Concerns rise over attacks on religious leaders in Indonesia

JAKARTA: Indonesia’s National Police chief Gen. Tito Karnavian has announced the formation of special units to investigate a recent rise in attacks on religious leaders and places of worship across the country, as the Indonesian Ulema Council (MUI) demanded answers on what appears to be a coordinated series of events.
“The special teams are conducting thorough investigations into the underlying cause of the series of attacks against ulema and religious figures,” National Police spokesman Brig. Gen. Mohammed Iqbal told Arab News.

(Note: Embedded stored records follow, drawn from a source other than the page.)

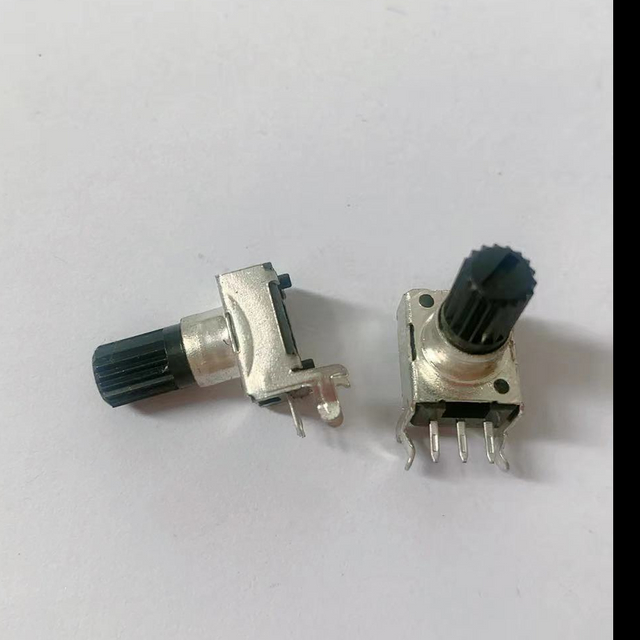 9mm Rotary Potentiometer with Plastic Shaft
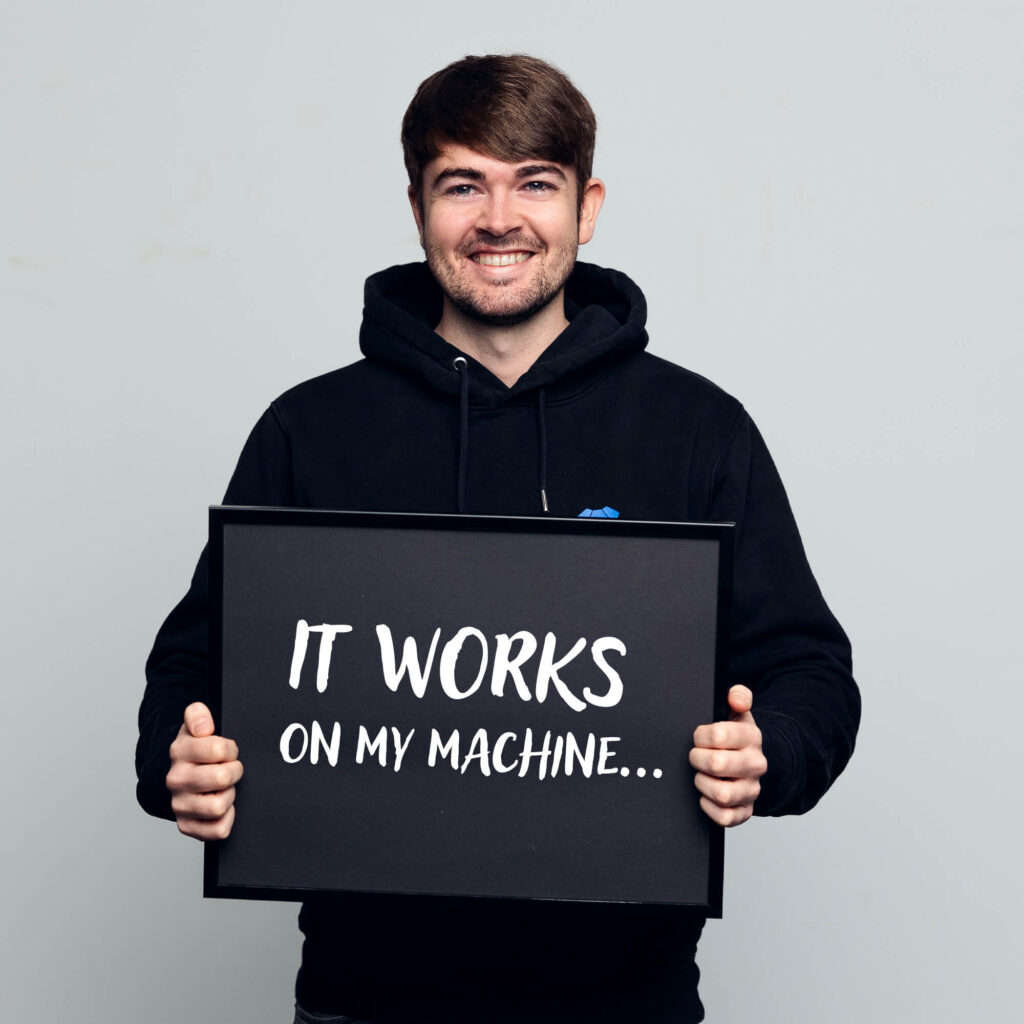 Spaßbild: Silas Beckmann hält ein Schild mit der Aufschrift: it works on my machine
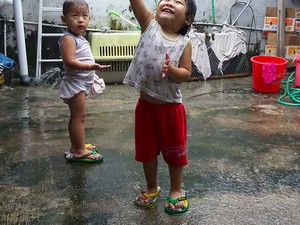 Benarkah Bermain Hujan Bikin Sakit? Ini Jawaban Ilmiahnya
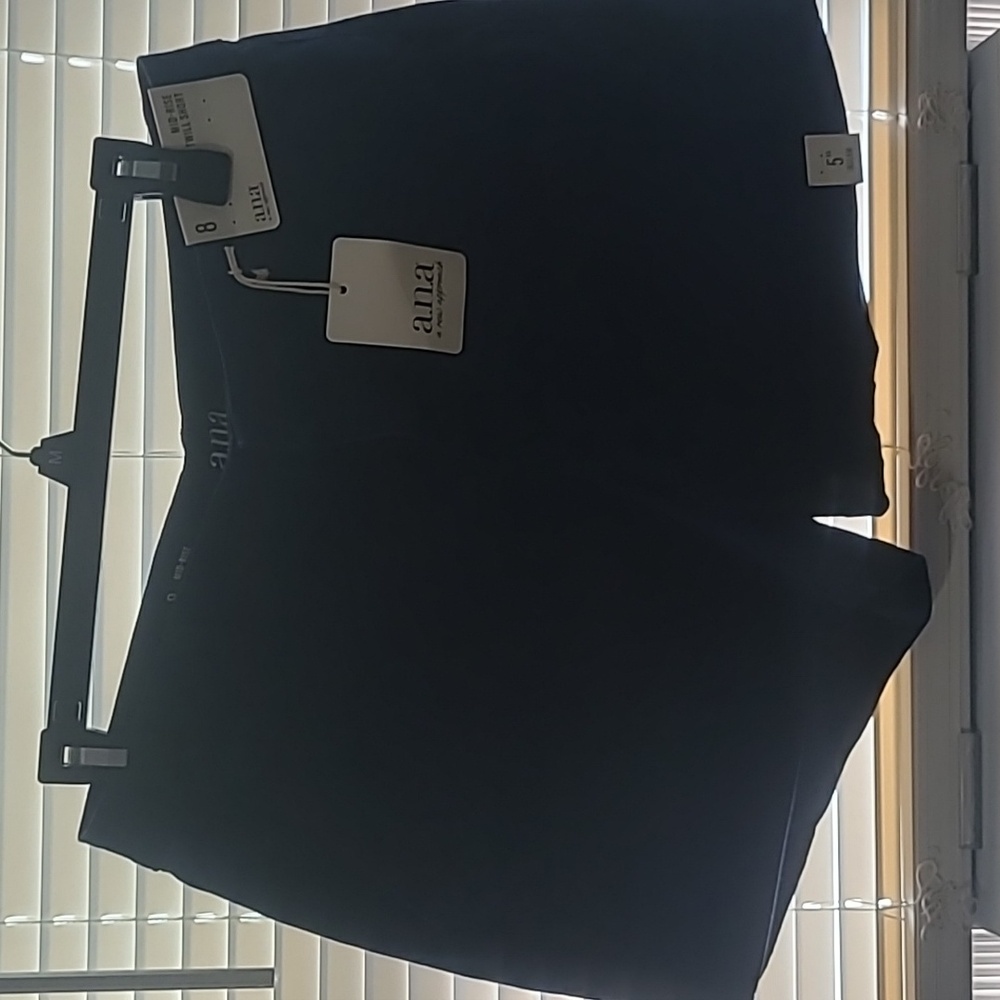 Woman's shorts
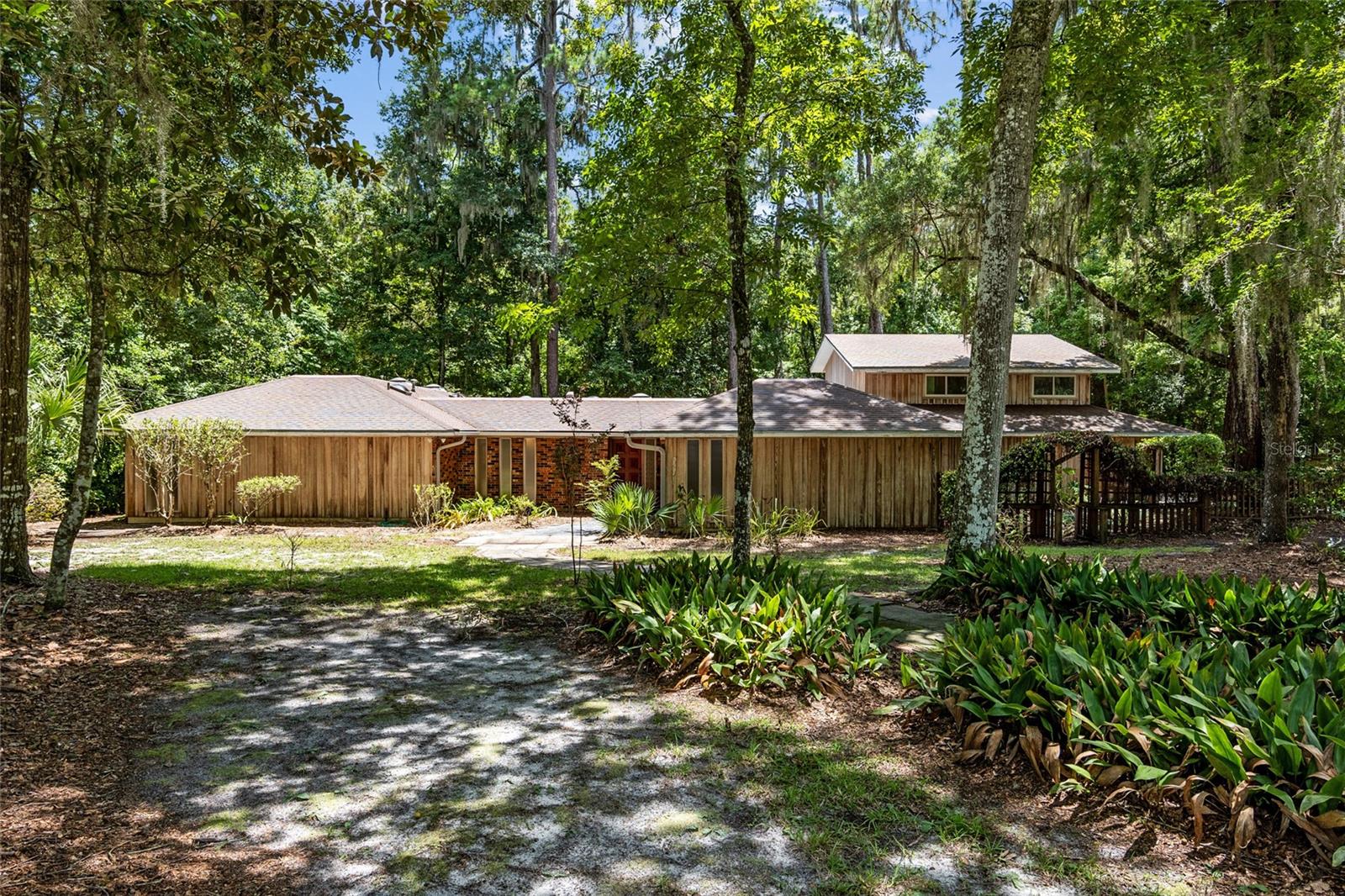 15th Ave, Gainesville, FL 32605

The MUI has urged police to come up with a better answer to the attackers’ motives after they originally dismissed the assaults as being the work of people suffering from mental disorders.
Between December and February, the authorities recorded 21 assaults against Muslim clerics, priests, monks and places of worship, and claimed 15 of them were carried out by “lunatics.”
Most of the cases took place in Indonesia’s most-populous island, Java, where three provinces will elect new governors in June.
MUI Secretary-General Anwar Abbas told Arab News the police had assured him they would have an explanation for the assaults within two weeks, following a meeting on Feb. 21 among the MUI Advisory Board, the National Police’s Criminal Investigation Unit and the National Counterterrorism Agency.
“We demanded that the police explain how people with mental disorders could carry out attacks almost simultaneously aiming for similar targets — ulemas and religious leaders,” he said, adding that the MUI did not want the issue to be “open to wild interpretations.”
“We want the hubbub around the attacks to end soon, especially since we are approaching the election years,” Anwar said, referring to regional elections this year and presidential polls next year.
Din Syamsuddin, chairman of the MUI Advisory Board, expressed concern that the attacks seemed to be orchestrated.
“It seems that from December until now is the season for lunatics to appear,” he said.
On Feb. 18, a statue in a Hindu temple in Lumajang, East Java, was vandalized by an unidentified perpetrator, while on the same day in Lamongan, also in East Java, a man attacked a cleric who heads an Islamic boarding school managed by Muhammaddiyah, Indonesia’s second-largest Muslim organization.
A man tried to vandalize a mosque in Tuban, East Java, on Feb. 13, and two days earlier a sword-wielding attacker injured a German priest, a policeman and two churchgoers as the priest was leading Sunday mass at St. Lidwina church in Yogyakarta.
Two similar attacks also took place in West Java where a Muslim cleric died after he was attacked in his house in early February. Another cleric affiliated with Indonesia’s largest Muslim organization, Nahdlatul Ulama, was attacked after morning prayers in late January this year.
During the MUI meeting, chief detective Commander Gen. Ari Dono Sukmanto dismissed the idea that the attacks were orchestrated or religiously motivated, calling them “purely criminal.” But he did acknowledge that police had been premature in labeling some of the perpetrators as mentally disturbed.
“It triggered public confusion, and on behalf of our institution I apologize that some of us jumped the gun,” he said, adding that police are now investigating five suspects for allegedly spreading fake news about the incidents.